***** INFORMATION PROVIDED
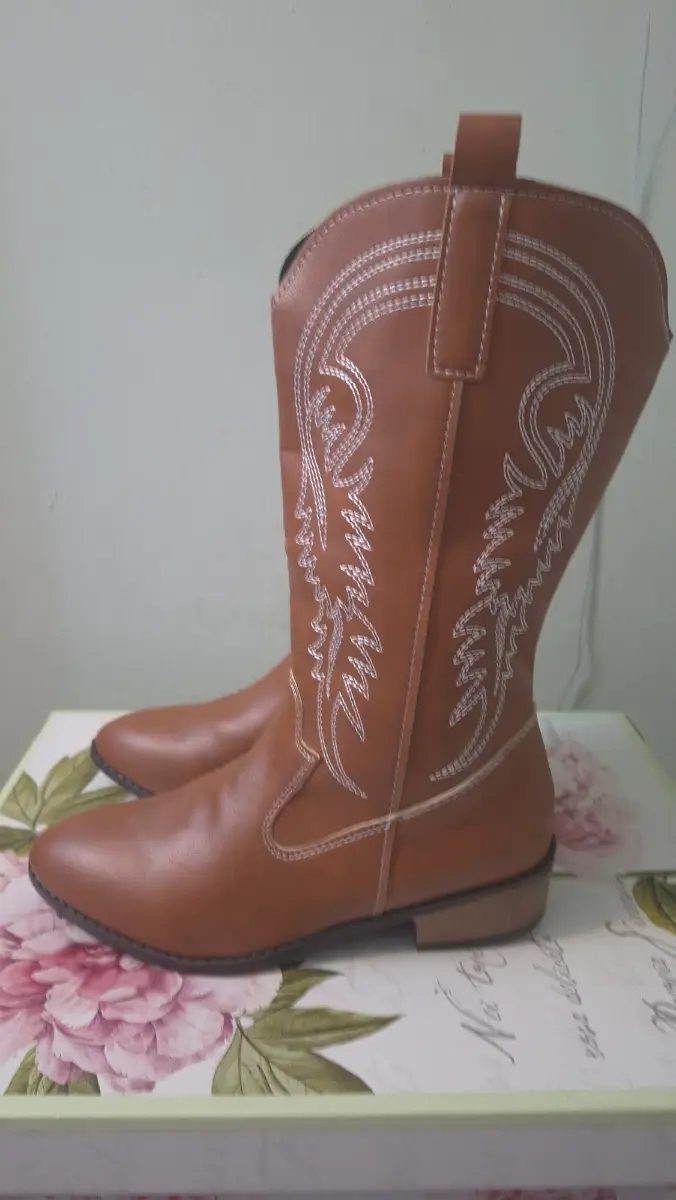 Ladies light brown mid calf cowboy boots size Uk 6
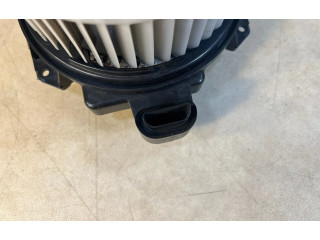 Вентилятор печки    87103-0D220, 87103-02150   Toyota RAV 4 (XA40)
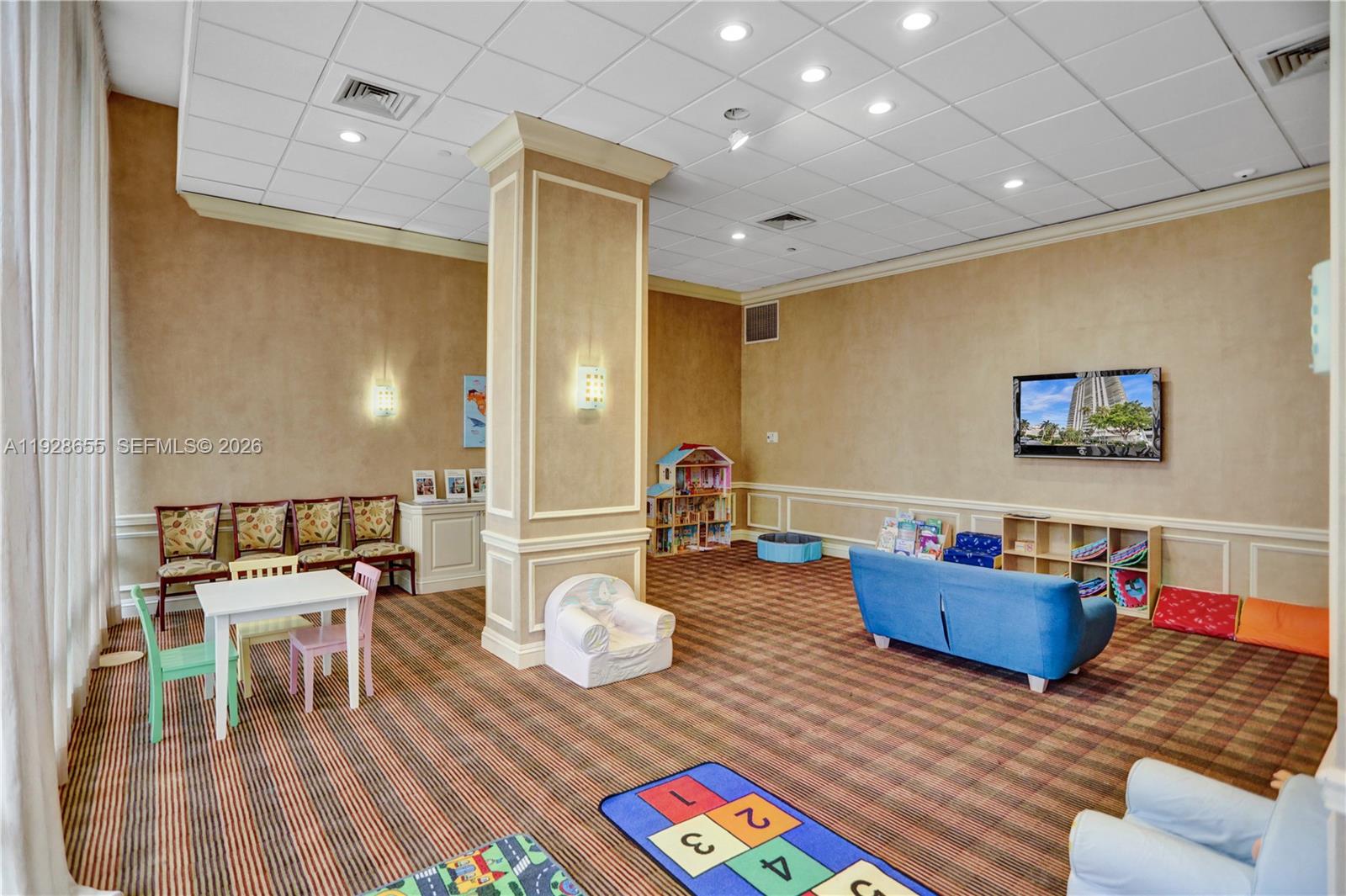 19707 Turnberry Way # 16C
**********
◆ EXERCISE PROMPT:
Restate every line above exactly, omitting images.

◆ SOLUTION FOR THIS EXERCISE:
 Ladies light brown mid calf cowboy boots size Uk 6
 Вентилятор печки    87103-0D220, 87103-02150   Toyota RAV 4 (XA40)
 19707 Turnberry Way # 16C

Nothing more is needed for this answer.